---------- DATA FOR PROCESSING ----------

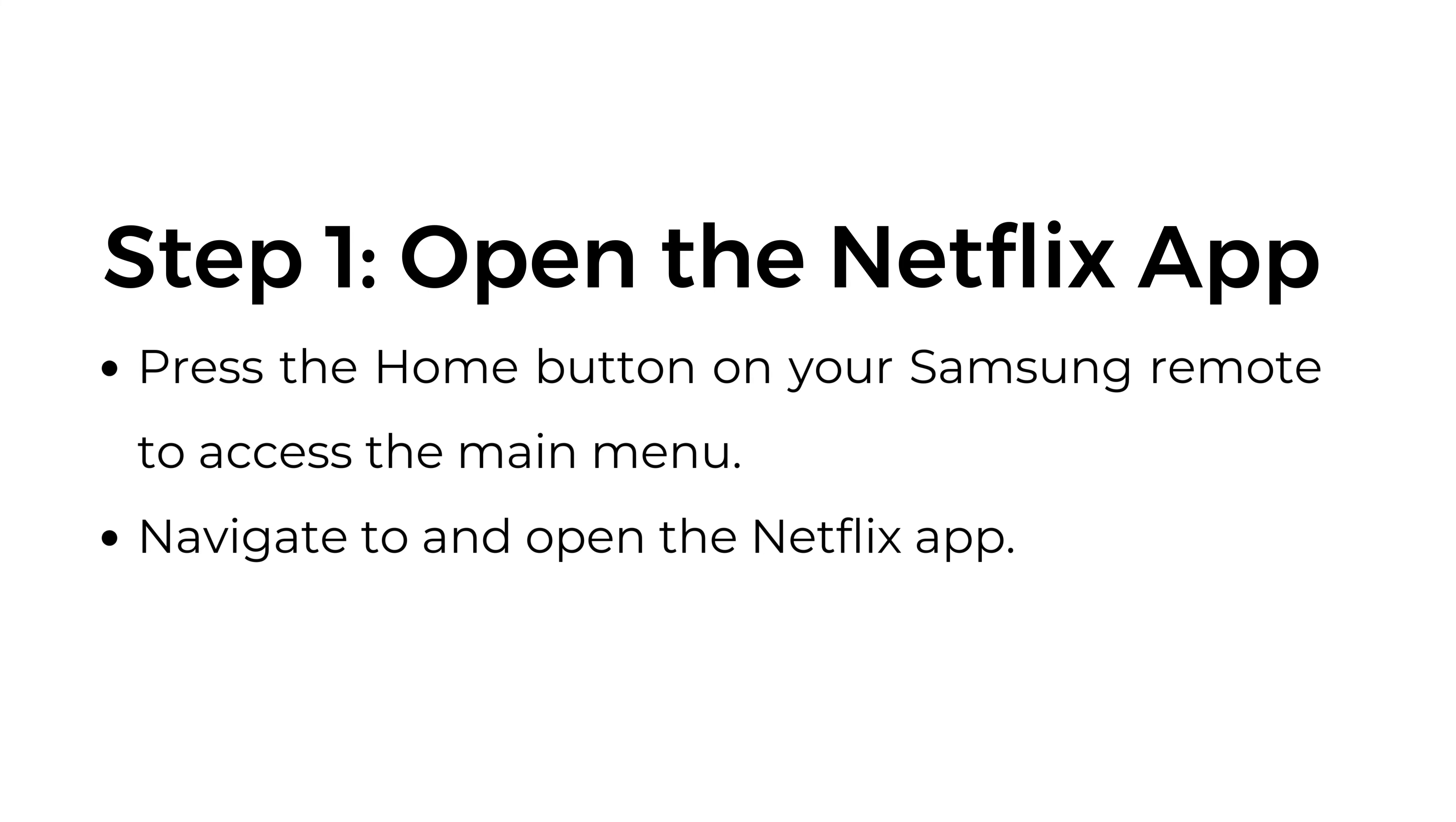Step one: Open the Netflix app. Press the home button on your Samsung remote to access the main menu. Navigate to and open the Netflix app.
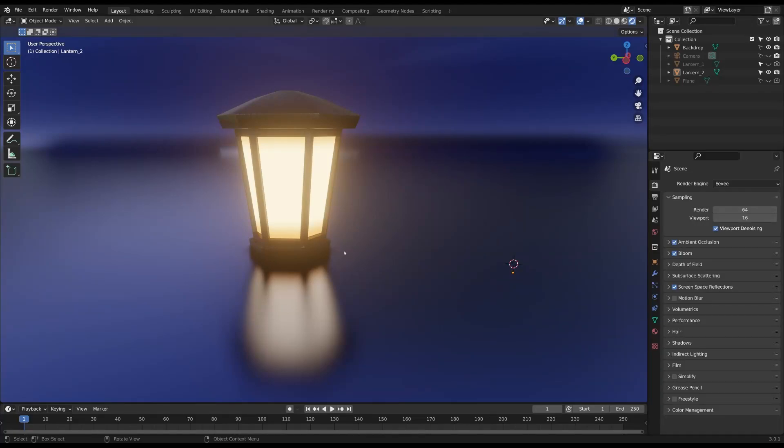Hello Blender people, I'm Ava and today I'm going to show you how to get a bloom effect for your emission shader in Cycles.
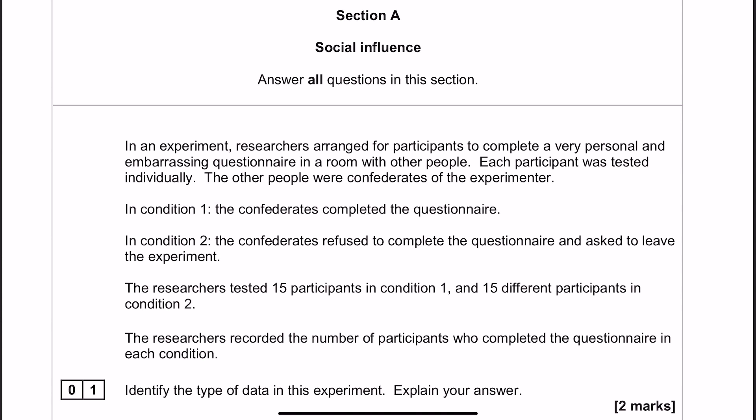First off, I'm going to have a little read through the stem and annotate anything that might be important. As a general rule, you aren't given a stem like this unless they're going to do something with it for at least a couple of questions. So we can save some time later by just spending a minute or so on it now.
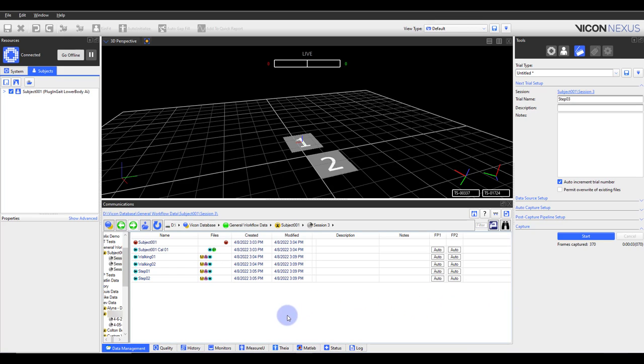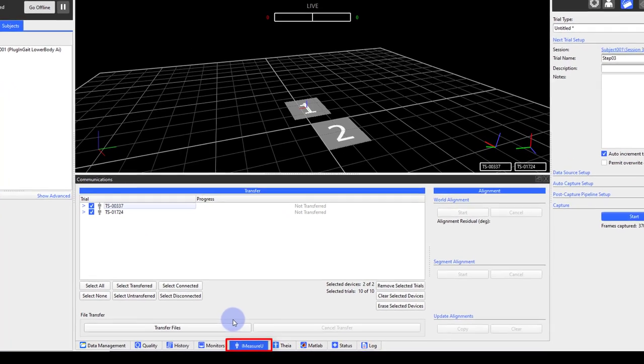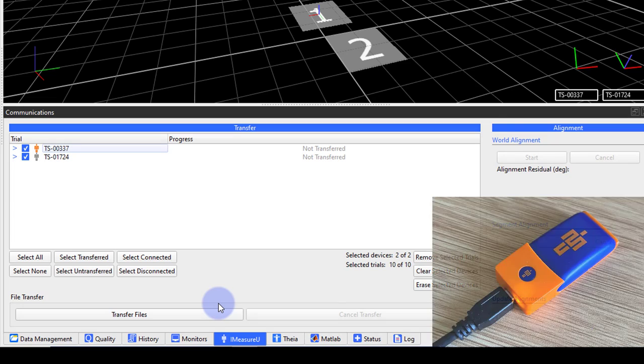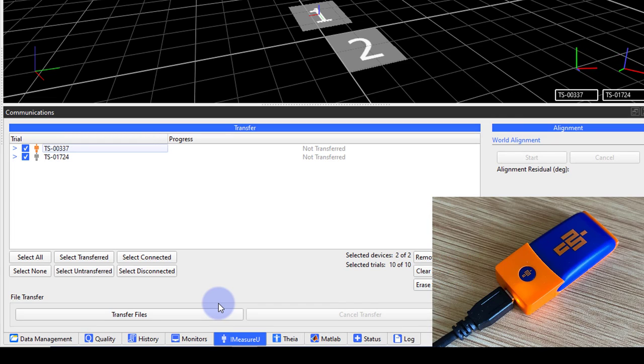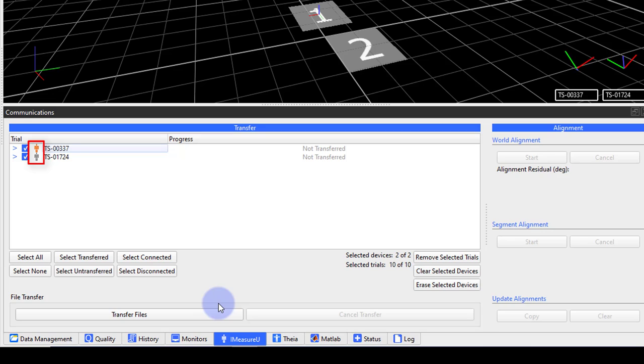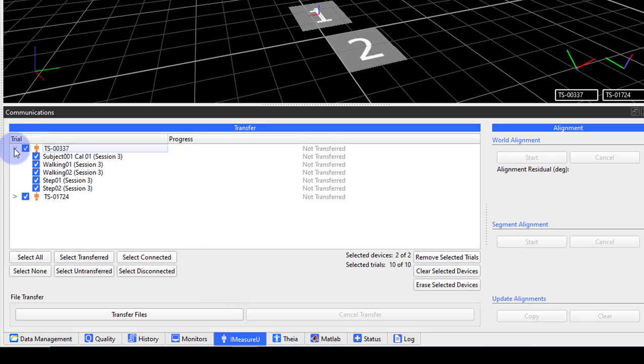To transfer data from your IMU sensors, navigate to the IMU tab in the communications window. Next, cradle the sensors and connect them to the PC. You will see the IMU logo turn orange for all the sensors connected. You can also expand the sensor to see all the trials saved on the sensor and their transfer status.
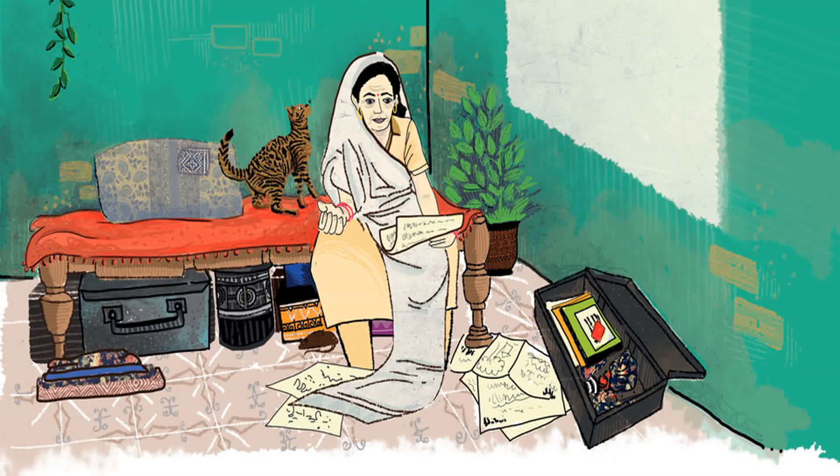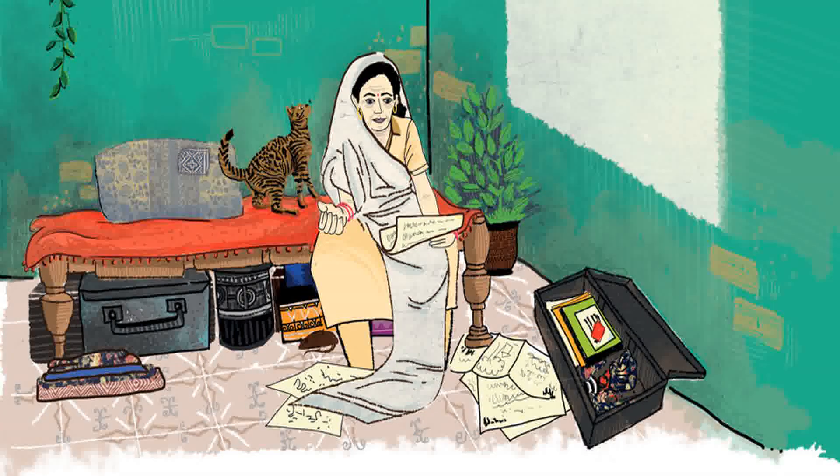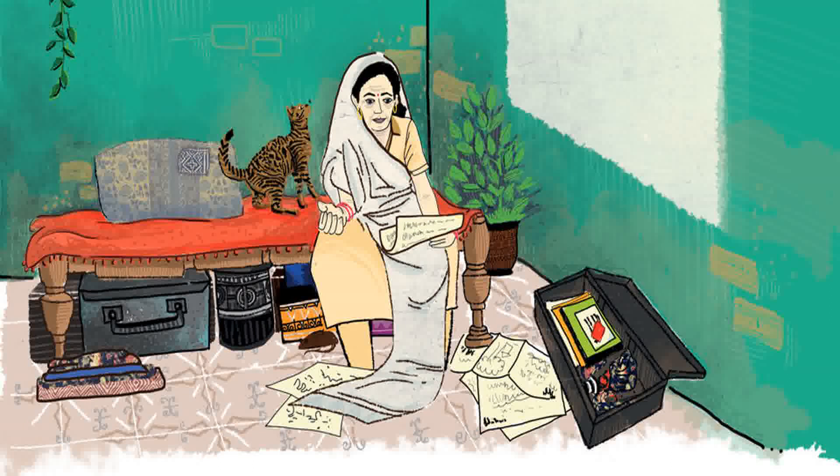My Nani, like all other Nanis, used to tell me very interesting stories. Many wonderful tales from India, Arabia, Iran and Turin. Although many of her stories have escaped my memory, some of them are still fresh in my mind.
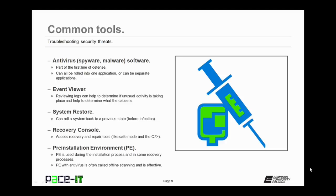System restore. You can use this to roll a system back to a previous state, hopefully before the infestation. Your recovery console or recovery environment is another awesome tool that you can use. It gives you access to recovery and repair tools, like safe mode and the C-Prompt.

----------

INSTRUCTIONS TO FOLLOW:
Give back exactly the lines running from the one that contains "To transfer data" to the end of the records, including both of those lines and excluding every picture.

ANSWER TO THE PROBLEM:
To transfer data from your IMU sensors, navigate to the IMU tab in the communications window. Next, cradle the sensors and connect them to the PC. You will see the IMU logo turn orange for all the sensors connected. You can also expand the sensor to see all the trials saved on the sensor and their transfer status.
My Nani, like all other Nanis, used to tell me very interesting stories. Many wonderful tales from India, Arabia, Iran and Turin. Although many of her stories have escaped my memory, some of them are still fresh in my mind.
System restore. You can use this to roll a system back to a previous state, hopefully before the infestation. Your recovery console or recovery environment is another awesome tool that you can use. It gives you access to recovery and repair tools, like safe mode and the C-Prompt.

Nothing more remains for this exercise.